== Segment start ==

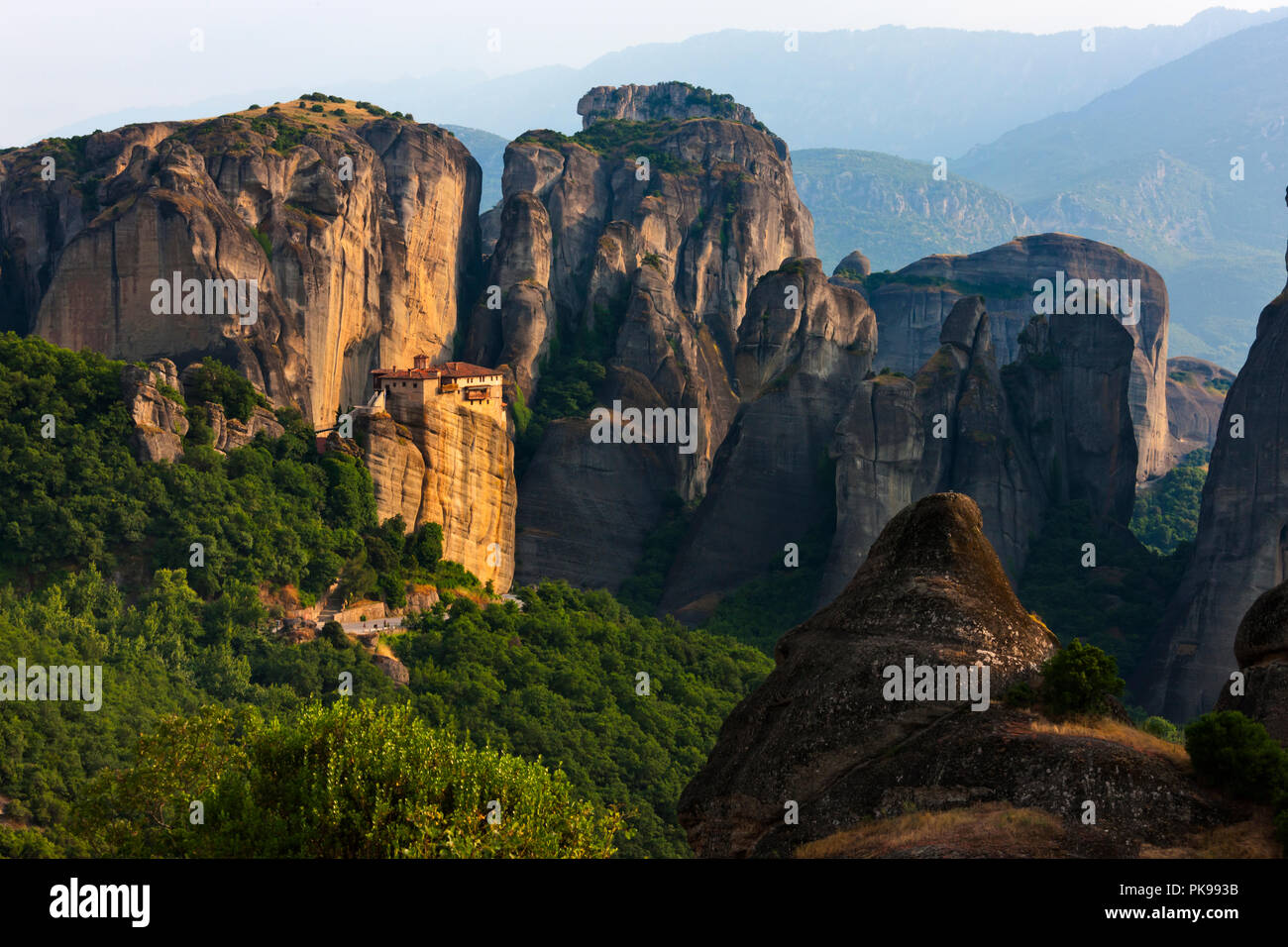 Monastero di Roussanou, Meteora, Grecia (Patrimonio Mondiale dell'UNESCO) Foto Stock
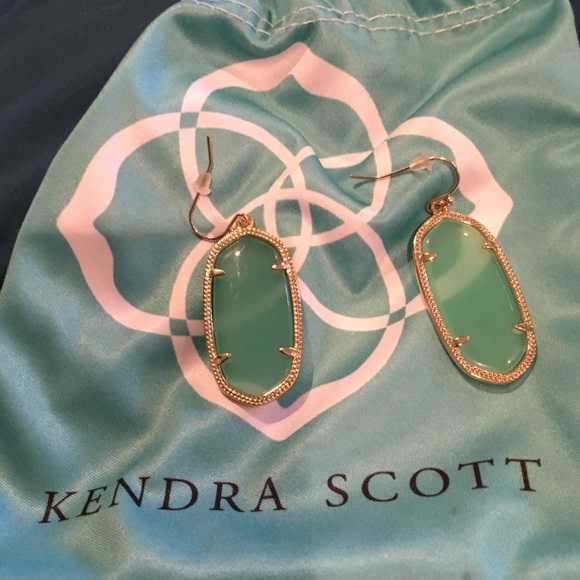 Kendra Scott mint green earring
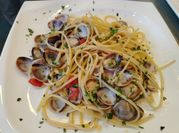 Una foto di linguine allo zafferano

== Segment end ==

Work instruction
Output the data above in full and exactly, with every image left out.

Response to this task
 Monastero di Roussanou, Meteora, Grecia (Patrimonio Mondiale dell'UNESCO) Foto Stock
 Kendra Scott mint green earring
 Una foto di linguine allo zafferano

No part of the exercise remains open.